**TASK TO COMPLETE:**
The reply should consist solely of the lines from the one that holds "elvesmall Black Buffalo" through the last line of the material, reproduced exactly; no pictures belong in it.
START GIVEN DATA
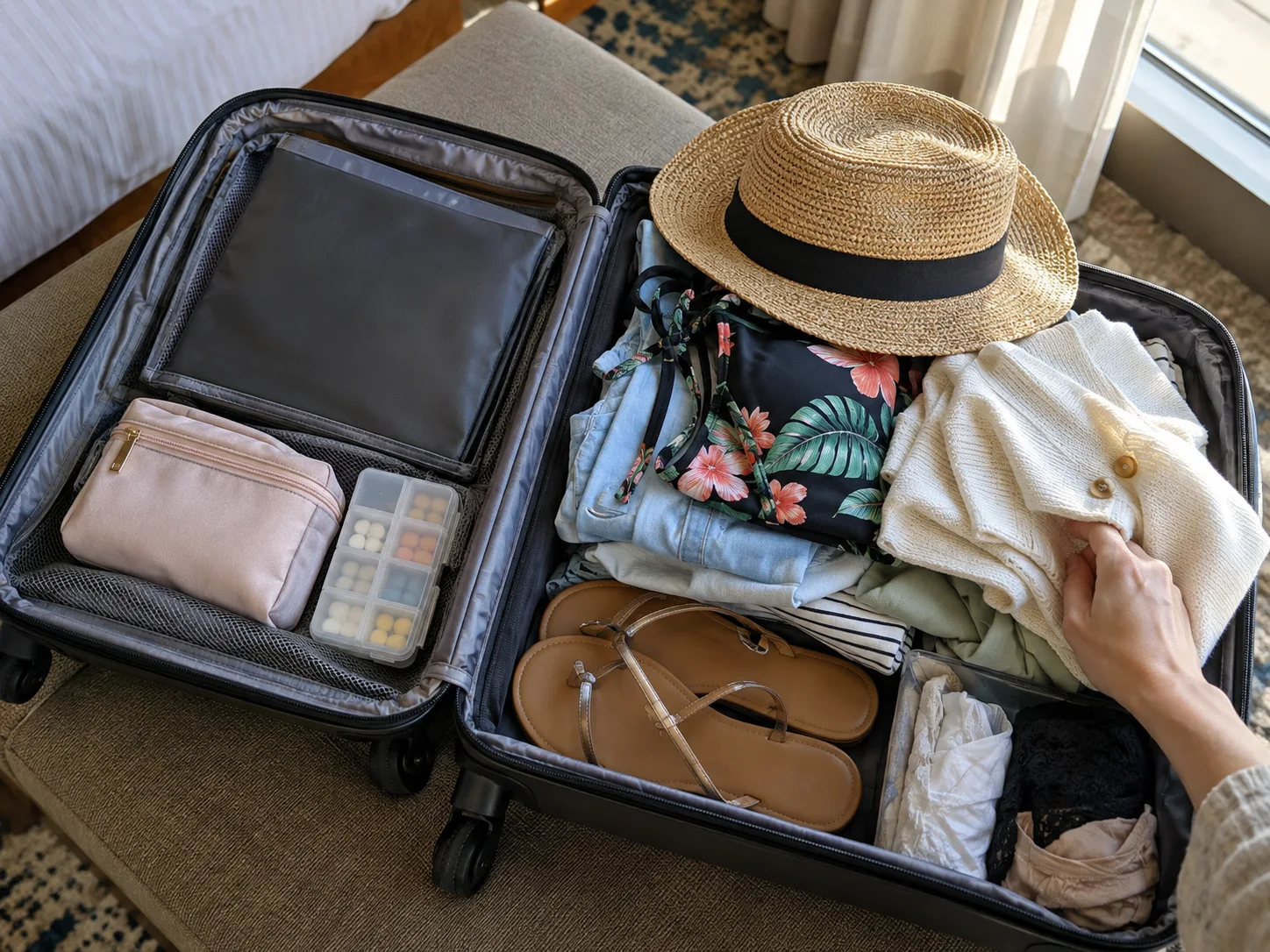 A cruise carry-on contains a swimsuit, clothing, sandals and essential pouches.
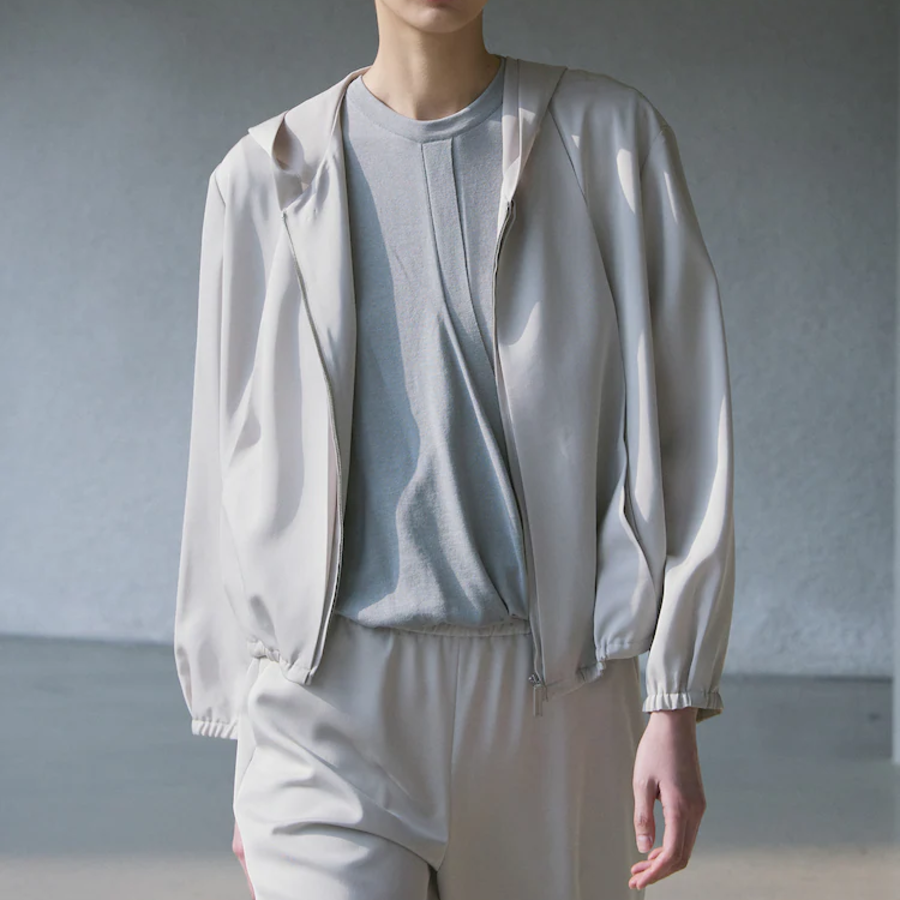 KUHO Hooded Zip-Up Blouse - Beige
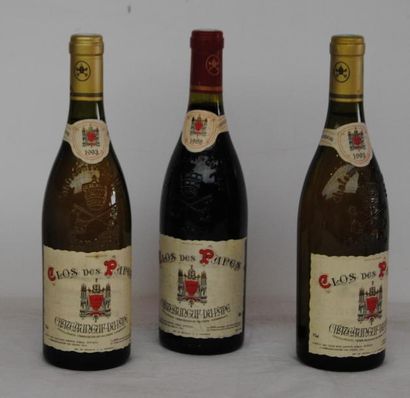 null 3 bout CDP CLOS DES PAPES PAUL AVRIL 3 BLANC 1993, 1 ROUGE 1988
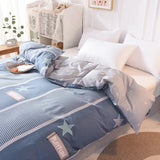 elvesmall Black Buffalo Plaid Cotton Duvet Cover Love Printed Reversible Comforter Covers Only, White Checkered Geometric Nordic Bedding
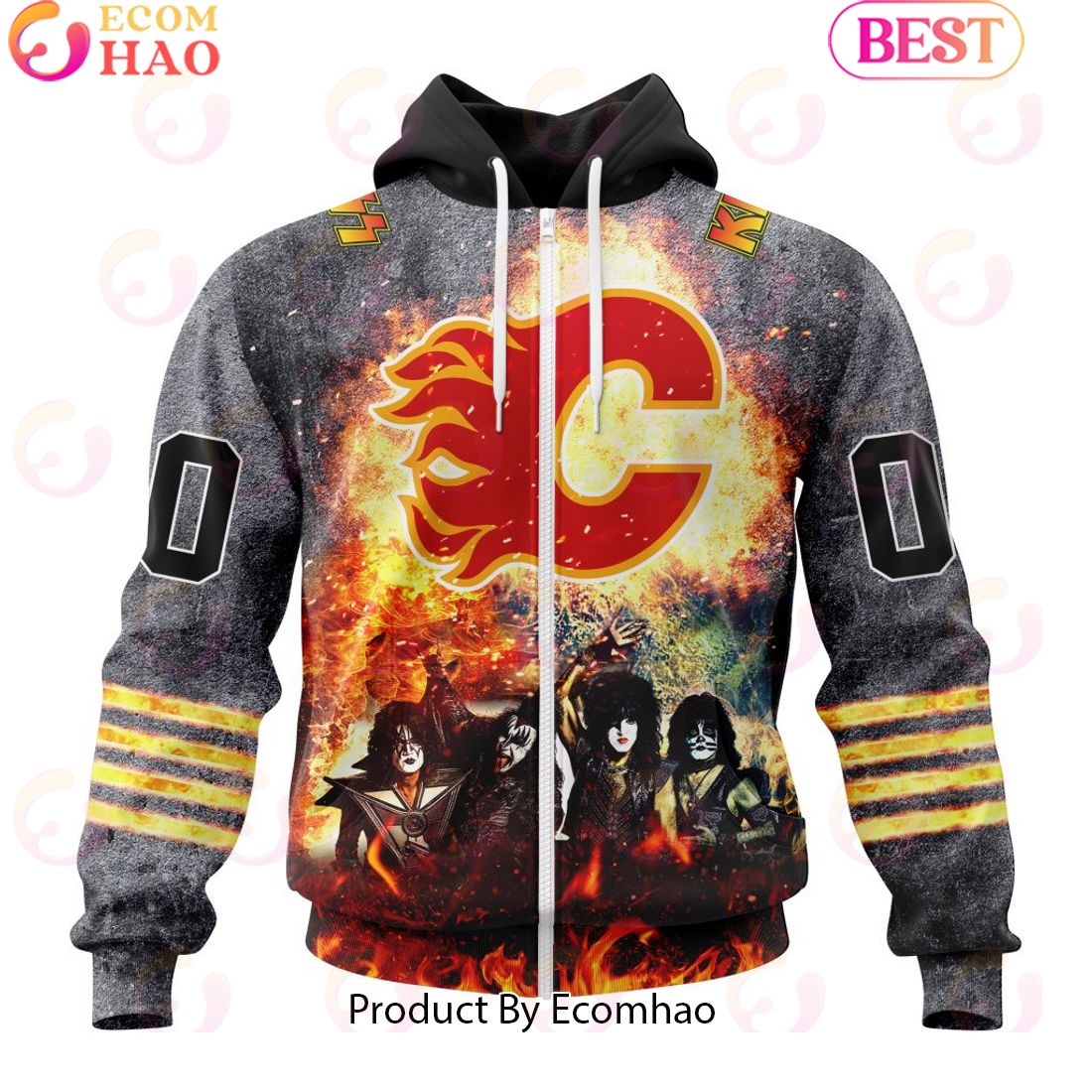 Personalized Calgary Flames Special Mix KISS Band Design 3D Hoodie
END GIVEN DATA
**EXERCISE OUTPUT:**
 elvesmall Black Buffalo Plaid Cotton Duvet Cover Love Printed Reversible Comforter Covers Only, White Checkered Geometric Nordic Bedding
 Personalized Calgary Flames Special Mix KISS Band Design 3D Hoodie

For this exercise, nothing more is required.